Hij voert me met zijn verhaal mee in zijn herinnering en ik zie ze zo voor me zitten. Deze twee mensen, aan elkaar verknocht.
De rem is ervan af en hij vertelt trots verder dat ze jaren lief en leed hebben gedeeld. Zijn gedachten dwalen af naar het moment dat ze elkaar ontmoetten. 18, was zij en hij net 19. Toen ze stierf was ze 88 en dat is al zeven jaar geleden. 'Prachtig was ze', fluistert hij me toe. Blonde haren, altijd vrolijk. Nee, niets was haar te veel. 'Ik heb haar vaak getekend. Liefst als ze het niet in de gaten had. Als ze de was ophing aan een lijntje. Dan rekte ze zich zo elegant uit. Dat doen ze tegenwoordig niet meer; was ophangen aan een lijntje'. Hij zucht diep. 'Ze was niet de enige hoor, die ik tekende. Ik teken nog steeds. Als ik niet meer teken, is het voorbij'.
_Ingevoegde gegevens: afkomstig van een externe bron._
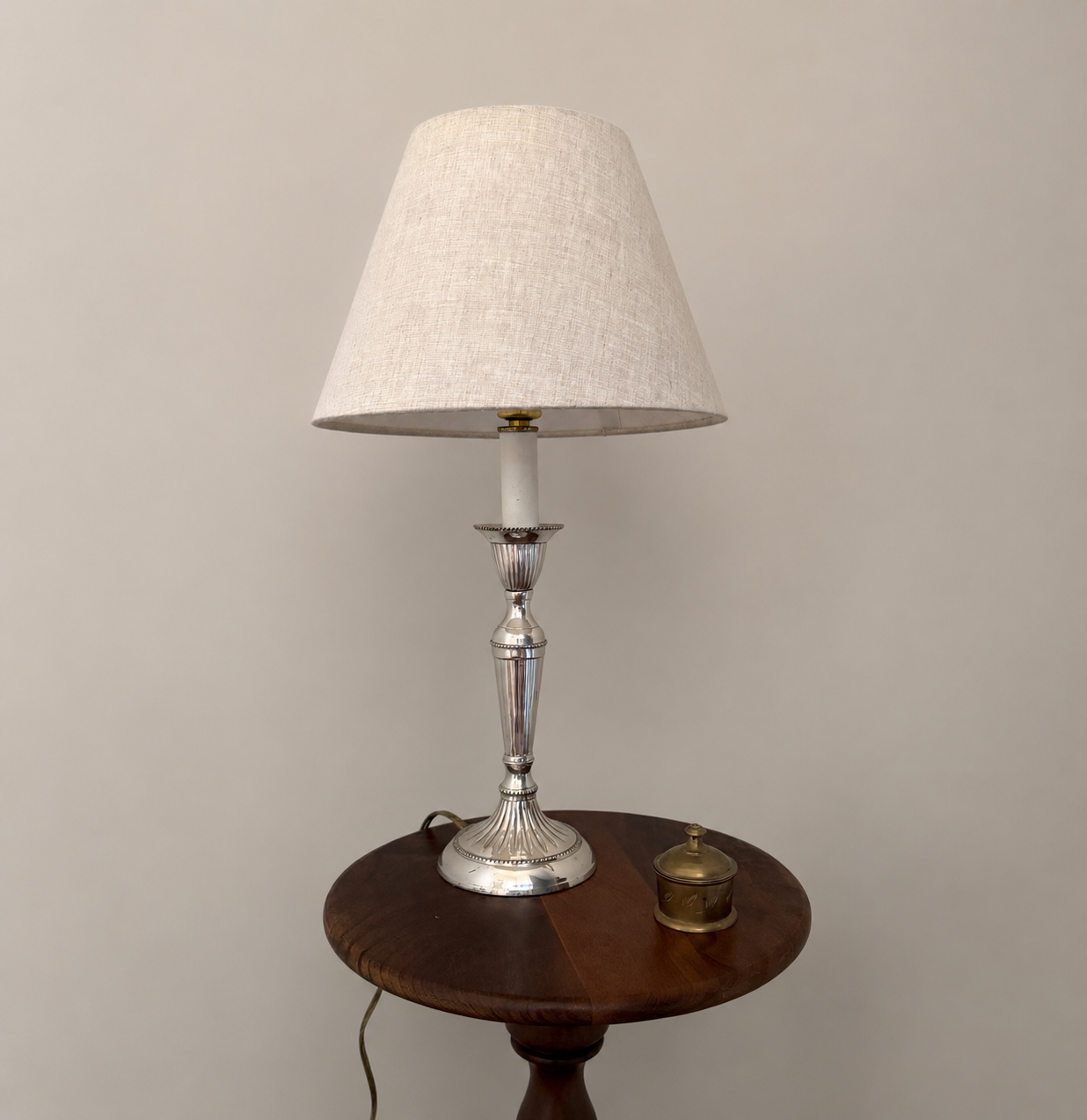 Silver Plated Lamp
Hij laat mijn hand niet meer los en vertelt verder: 'We wonen ons hele leven al hier op het dorp. Kun je je dat voorstellen? Nooit verhuisd. Zelfs hetzelfde huis. We waren hier gewoon gelukkig. Nu woon ik niet meer in ons huis, maar in een verzorgingstehuis. Een huis met oude mensen. Ik kan daar met niemand praten. Of ze horen me niet, of ik moet mezelf steeds herhalen. Nee, er is niets aan daar. Daarom kom ik hier, in dit park, op deze bank. Soms maakt dan iemand een praatje met me, zoals jij nu.' En dan lijkt het net of hij me voor de eerste keer ziet. Hij begint weer vol enthousiasme mijn arm weer te aaien.
We keuvelen nog wat door en hij vertelt over de talloze schilderijen die hij heeft gemaakt en de tekeningen die hij nu nog steeds maakt, ook al bibbert zijn hand af en toe wel. Olieverf heeft hij opgegeven, dat lukt niet meer, maar 'potloden zijn ook prima, hoor'.
Als afscheid sla ik mijn armen om hem heen en geef hem een knuffel. Dan gaat hij helemaal rechtop zitten en zegt dan: 'Nou dat is lang geleden zeg, dat ik een knuffel kreeg. Kom jij maar eens even hier, dan krijg je er eentje terug' en met een kracht, die ik in eerste instantie niet bij hem zou zoeken, geeft hij mij een klinkende zoen op mijn wang en hij lijkt helemaal tevreden over het resultaat.
'Weet je, mijn vrouw en ik hebben elkaar een kus gegeven toen we elkaar ontmoetten en dat hebben we ons hele leven volgehouden. Tot op haar sterfbed hebben we kusjes gegeven. Is dat niet een prachtige manier om te leven en te sterven?'.
Met mijn boek onder mijn arm loop ik weer verder. Ik kan me haast niet voorstellen dat er iets zinvollers in dat boek staat dan dit ene moment.